Last September, the president of a suburban PTA got an email that made her stomach drop. A parent had written a polite but firm message: "Under the GDPR, I'd like to know exactly what personal data you hold on me and my children, and I'd like it deleted." The PTA president stared at her screen. She knew they had a Google Sheet with parent names, emails, phone numbers, and children's names and grades. There was also a PayPal account with transaction histories, a WhatsApp group with years of messages, an old Mailchimp list from a fundraiser three years ago, and a signup form from a bake sale that collected home addresses for delivery. She had no idea where all the data was, who had access to it, or whether she was even allowed to have most of it. She definitely didn't know what the GDPR required her to do next. That moment of panic is happening in community organizations everywhere -- PTAs, sports clubs, parish councils, neighborhood associations, alumni groups, scout troops. Data privacy law isn't just for tech companies anymore. If your organization collects personal information about members, you have legal obligations, and the good news is they're more manageable than you think.
What the GDPR Actually Is (and Why It Applies to You)
The General Data Protection Regulation is a European Union law that went into effect in May 2018. It governs how organizations collect, store, use, and share personal data of individuals in the EU. But here's what catches most community leaders off guard: the GDPR doesn't have an exemption for small organizations, nonprofits, or community groups. It applies equally to a multinational corporation and your local choir.

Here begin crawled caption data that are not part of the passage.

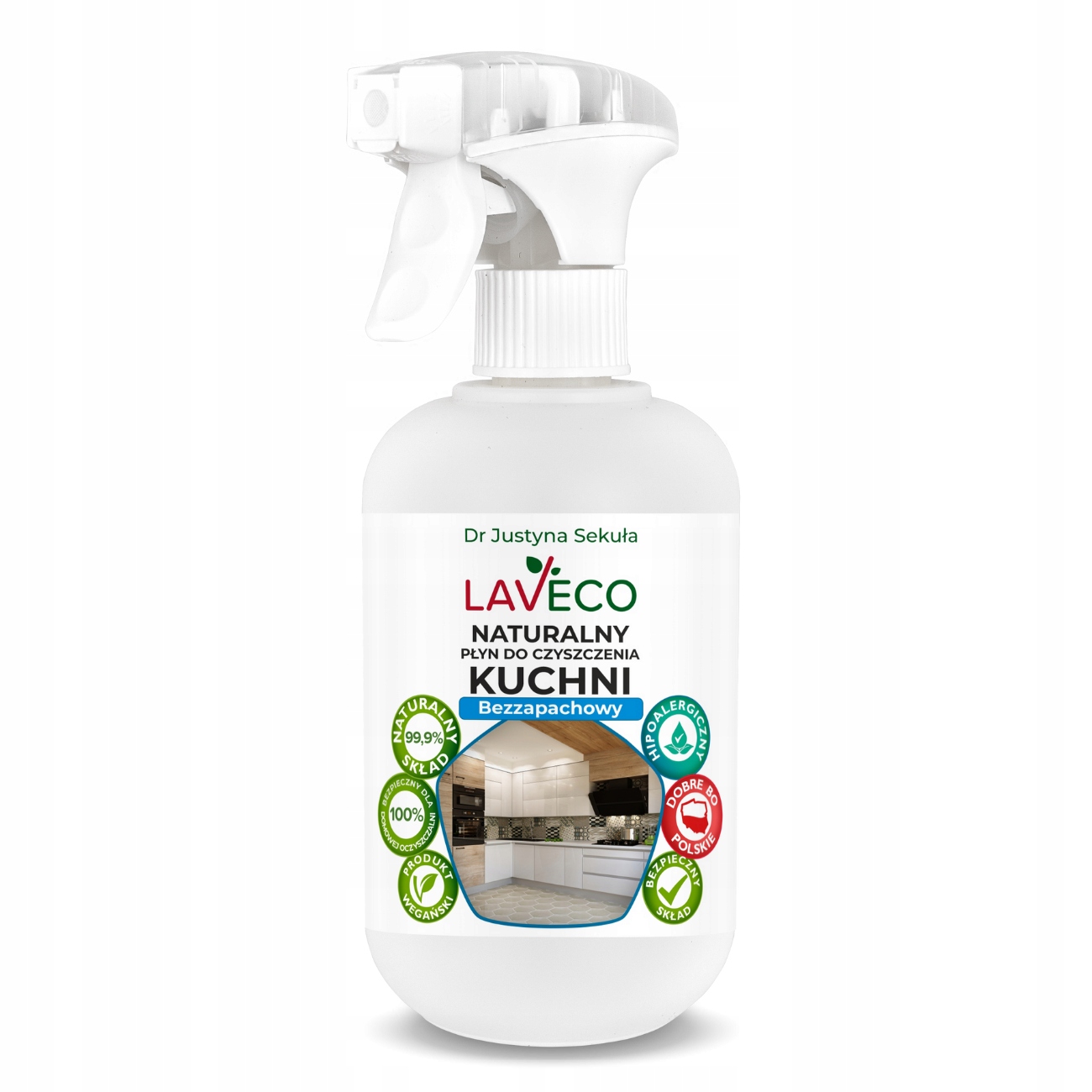 Levně 3X Přírodní čisticí prostředek do kuchyně – 0,5 l – bez zápachu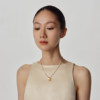 Sujue 2024 new minimalist design high-end 18K gold ring temperament light luxury ring for women
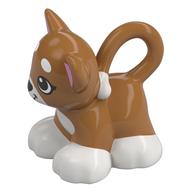 Visuel indicatif Rebrickable de Animal Duplo chat / chaton boucle queue, poitrine blanche, pieds, queue et bouche motif imprimé (Duplo Animal Cat / Kitten Looping Tail, White Chest, Feet, Tail End, and Mouth Print)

If even one of your members lives in the EU -- or if someone from the EU visits your website and submits their email -- you're potentially in scope. And even if you're a purely domestic US organization, the GDPR matters because it has inspired a wave of similar privacy laws worldwide, including in US states like California, Colorado, Delaware, and Oregon.
The core idea is straightforward: people have the right to know what data you hold about them, why you have it, and what you're doing with it. They also have the right to ask you to correct it, delete it, or hand it over in a portable format. Your job as a community organization is to respect those rights and handle personal data responsibly.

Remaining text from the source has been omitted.